Guest Post: Teacher-leader describes having autonomy to make management and finance decisions

This blog post originally appeared on the Education Innovating blog run by Education Evolving from 2010 to 2011. It has now been merged into our main blog.

In this video Linda Peters, a lead teacher at the Advanced Language and Academic Studies (ALAS) bilingual high school in Milwaukee, describes how the school makes management and finance decisions by including teachers.

ALAS has been able to function as a school run collectively by teachers, because the Milwaukee school district and the local union agreed to grant the teachers autonomy and authority. The teachers saw the opportunity, and took it.

“We saw the waste, and the very ineffective ways of doing things at the large high school, and we thought we could do it better ourselves.”

The founding teachers looked at different models, and came up with a cooperative management model. While acknowledging it can be cumbersome at times, Linda testifies that better decisions are made, and resources are spent more efficiently.

In a school with an administrator the administrator tells teachers what to do and then the teacher chooses to follow through or not, she reported. “If you’re not given autonomy...(and) authority to make decisions on what you know to be best for your students, it doesn’t work.”

The staff meets weekly, and makes decisions over the budget, policy, and staffing. During this time they set goals, and allocate resources appropriately. They coordinate curriculum together, across disciplines. This is in direct contrast to traditional schools where decisions are made for teachers, on behalf of teachers.

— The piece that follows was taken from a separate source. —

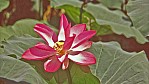 Kakadu Nationalpark - Lotosblte.jpg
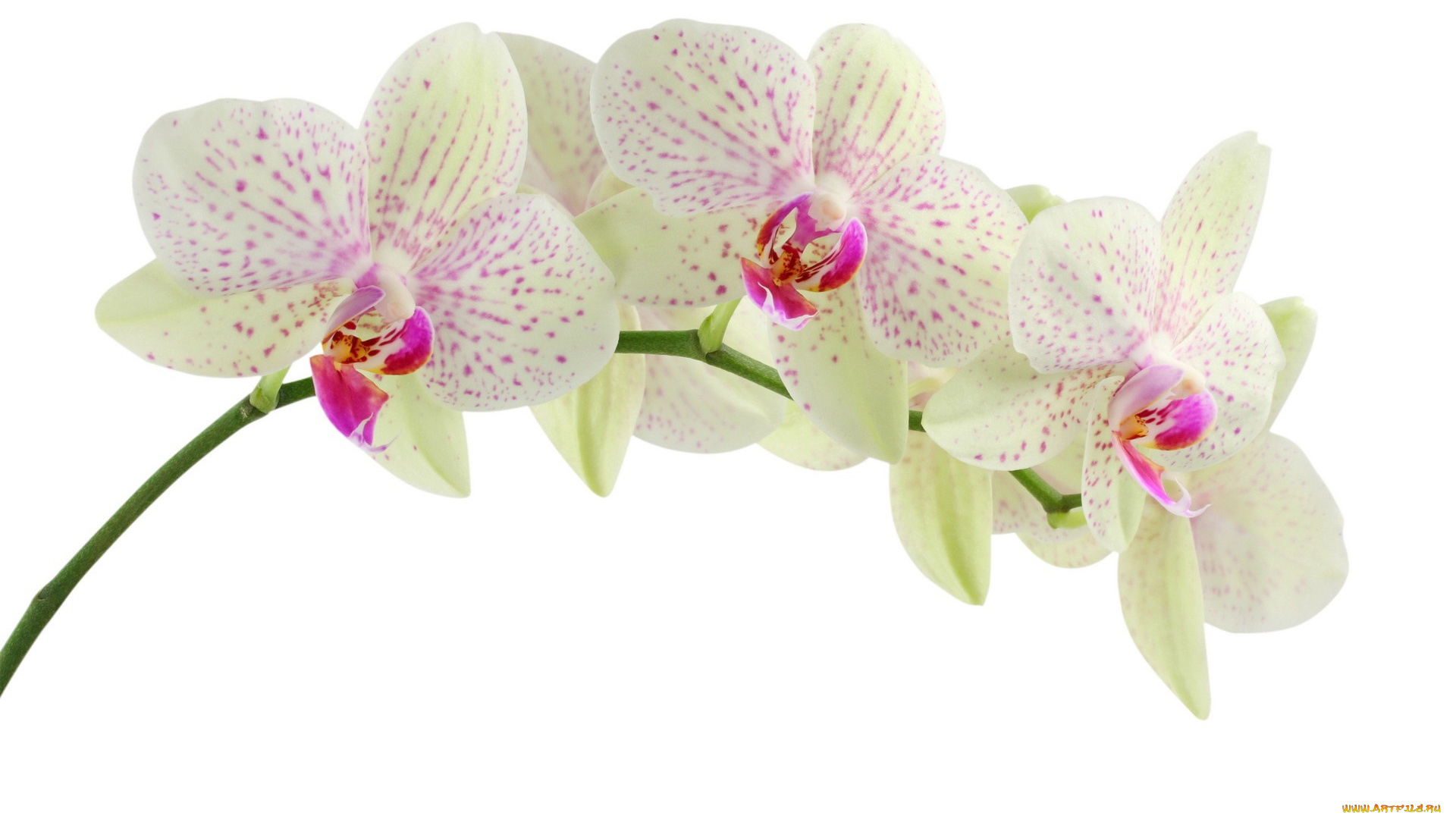 цветы, орхидеи, орхидея, фаленопсис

The model also increases accountability. The teachers in the school feel greater responsibility for the entire school, since they are accountable for it. At the large high school, teachers could always blame somebody else—other teachers, or the administration. At ALAS, Linda says, if the teachers can’t make the students read on grade level there is nowhere to look but back at themselves.

Teachers describe it as freeing and motivating, yet humbling too.